Мы вынуждены выбирать между убийственной истиной и целительным враньем. И только такая – несовместимая с жизнью – истина достойна своего названия. Она выше того, чтобы отвечать чьим-то требованиям, и не снисходит до уступок смертным. Такие истины «бесчеловечны», сногсшибательны, мы не приемлем их, ибо не можем обойтись без подпорок в виде догм или богов. Увы, во все времена именно иконоборцы или те, кто объявлял себя таковыми, чаще всего прибегали к басням и лжи. Как тяжко должен был заболеть античный мир, раз ему понадобилось такое грубое противоядие – христианство. То же происходит и с современным миром, судя по всеобщей жажде чудодейственных лекарств. Эпикура, самого нефанатичного из мудрецов, не жаловали ни прежде, ни теперь. Призывы к освобождению Человека общество обычно встречает с недоумением и даже со страхом. Да и как рабы освободят Раба? Так можно ли верить, что история, эта бесконечная цепь ошибок, способна тянуться еще долго? Час закрытия скоро пробьет во всех садах.
Любитель мемуаров
Мистики различают человека внутреннего и внешнего и отдают предпочтение первому как в точном смысле полноценному существу; второй же, мрачный или смешной паяц, по праву отходит в ведение моралистов: они порицают и вместе с тем оправдывают его; их одновременно отвращает и привлекает его ничтожество, и они не могут преодолеть эту двойственность, не впадая в уныние, то бишь злокачественную скорбь; устоять способен разве что такой, как Паскаль, умеющий возвыситься над страстями. Из-за этого своего качества он не оказал никакого влияния на мемуаристов, тогда как, к примеру, желчность Ларошфуко оказалась крайне заразительной и окрасила все вышедшие из-под их перьев рассказы и портреты.

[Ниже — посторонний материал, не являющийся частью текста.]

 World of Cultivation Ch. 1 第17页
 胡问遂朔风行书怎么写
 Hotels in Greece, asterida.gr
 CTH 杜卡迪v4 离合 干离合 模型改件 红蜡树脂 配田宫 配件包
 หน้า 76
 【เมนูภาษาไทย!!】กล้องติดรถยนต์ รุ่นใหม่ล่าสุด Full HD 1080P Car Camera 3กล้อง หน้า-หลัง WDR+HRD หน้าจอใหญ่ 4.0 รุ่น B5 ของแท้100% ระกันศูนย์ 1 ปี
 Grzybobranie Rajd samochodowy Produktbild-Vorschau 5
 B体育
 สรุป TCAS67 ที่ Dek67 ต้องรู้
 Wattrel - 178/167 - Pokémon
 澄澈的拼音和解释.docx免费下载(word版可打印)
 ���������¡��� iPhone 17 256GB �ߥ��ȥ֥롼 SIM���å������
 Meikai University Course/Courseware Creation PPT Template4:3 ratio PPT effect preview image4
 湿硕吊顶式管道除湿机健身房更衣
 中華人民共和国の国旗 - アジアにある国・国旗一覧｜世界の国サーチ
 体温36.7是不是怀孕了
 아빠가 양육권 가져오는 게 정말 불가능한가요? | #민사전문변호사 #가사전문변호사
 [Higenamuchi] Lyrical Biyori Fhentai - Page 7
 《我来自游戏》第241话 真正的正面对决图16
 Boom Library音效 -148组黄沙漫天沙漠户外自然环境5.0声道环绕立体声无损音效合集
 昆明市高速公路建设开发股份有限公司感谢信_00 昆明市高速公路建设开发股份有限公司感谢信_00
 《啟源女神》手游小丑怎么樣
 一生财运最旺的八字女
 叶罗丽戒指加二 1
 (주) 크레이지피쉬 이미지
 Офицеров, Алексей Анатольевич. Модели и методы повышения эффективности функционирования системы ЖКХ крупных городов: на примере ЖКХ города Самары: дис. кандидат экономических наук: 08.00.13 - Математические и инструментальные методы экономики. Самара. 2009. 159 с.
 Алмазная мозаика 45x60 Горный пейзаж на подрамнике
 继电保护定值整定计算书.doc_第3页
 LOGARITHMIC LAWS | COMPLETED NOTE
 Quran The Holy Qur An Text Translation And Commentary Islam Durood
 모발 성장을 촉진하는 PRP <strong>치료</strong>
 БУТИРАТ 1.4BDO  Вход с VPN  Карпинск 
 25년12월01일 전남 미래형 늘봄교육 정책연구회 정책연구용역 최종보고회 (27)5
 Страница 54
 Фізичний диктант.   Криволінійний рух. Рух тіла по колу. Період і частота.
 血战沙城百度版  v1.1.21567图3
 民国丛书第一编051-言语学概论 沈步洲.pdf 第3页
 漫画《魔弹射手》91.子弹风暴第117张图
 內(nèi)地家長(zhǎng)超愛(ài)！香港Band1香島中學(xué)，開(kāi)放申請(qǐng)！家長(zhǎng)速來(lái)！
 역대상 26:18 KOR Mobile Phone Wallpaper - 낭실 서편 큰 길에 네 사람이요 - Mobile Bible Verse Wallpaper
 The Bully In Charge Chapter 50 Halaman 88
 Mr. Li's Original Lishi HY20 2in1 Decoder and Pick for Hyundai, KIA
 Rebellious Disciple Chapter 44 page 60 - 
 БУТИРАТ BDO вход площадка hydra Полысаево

Моралист не повышает голоса, не допускает резкостей, он хорошо воспитан и потому выражает омерзение к ближним изящно и, главное, немногословно… Лаконичность – не это ли первейший признак «культурности»? Доказывать же, объяснять, разглагольствовать – безвкусица и вульгарность. Кто хоть сколько-нибудь заботится о хорошем тоне должен не искать, а избегать плодовитости, предпочитать слово словесам и добровольно хранить молчание, нарушая его в редкие, краткие и лишь оттеняющие безмолвный фон моменты. Максима, несмотря на сомнительное происхождение, вырабатывает целомудрие, ибо помогает избавиться от непристойного словоблудия. Портрет, не столь сжатый и потому не столь взыскательный, – это чаще всего та же максима, но пожиже или, наоборот, понасыщеннее – у кого как; в исключительных же случаях он может уподобиться максиме взорвавшейся, это бывает, когда, желая все вместить и охватить все стороны, он стремится к бесконечности, в этом случае перед нами редчайший пример писателя, которому стало тесно в рамках языка, и он презрел их, покинул их, прихватив с собой все слова… Он вырывает их с корнем, коверкает, перекраивает на свой лад и приспосабливает к своему замыслу, не считаясь ни со словами, ни с читателем, которого подвергает бесподобной, изощренной пытке. До чего невоспитан Сен-Симон! …Но не более, чем сама Жизнь, литературным эхом которой, так сказать, он является. Его не тянет к высоким материям, у него не найти и следа «классического стиля», он погружен в злобу дня, все его чувства остры и точны, он может быть несправедливым, но никак не фальшивым. Рядом с его портретами все другие кажутся бледными схемами, безжизненными поделками. Его огромное преимущество в том, что он не подозревает о своей гениальности и потому не попадает в жесточайший плен. Не зная препон, не ведая смущения, он несется во весь опор, не сдерживая пыла и не обременяя себя надуманными запретами и угрызениями совести. Это человек тропического темперамента, хотя и истощенный разгульной жизнью; он совершенно не способен подчинить себя известной дисциплине, которой требует рассуждение или самоанализ. У него нет никакого плана, никакого отчетливого замысла. Думаешь, что читаешь дифирамб, но вдруг понимаешь, что ошибся: неожиданный штрих, хлесткий эпитет выдают памфлет, а на самом деле перед тобой не хвала и не хула, а живой характер, примитивный и каверзный, плевок Хаоса посреди блестящего Версаля.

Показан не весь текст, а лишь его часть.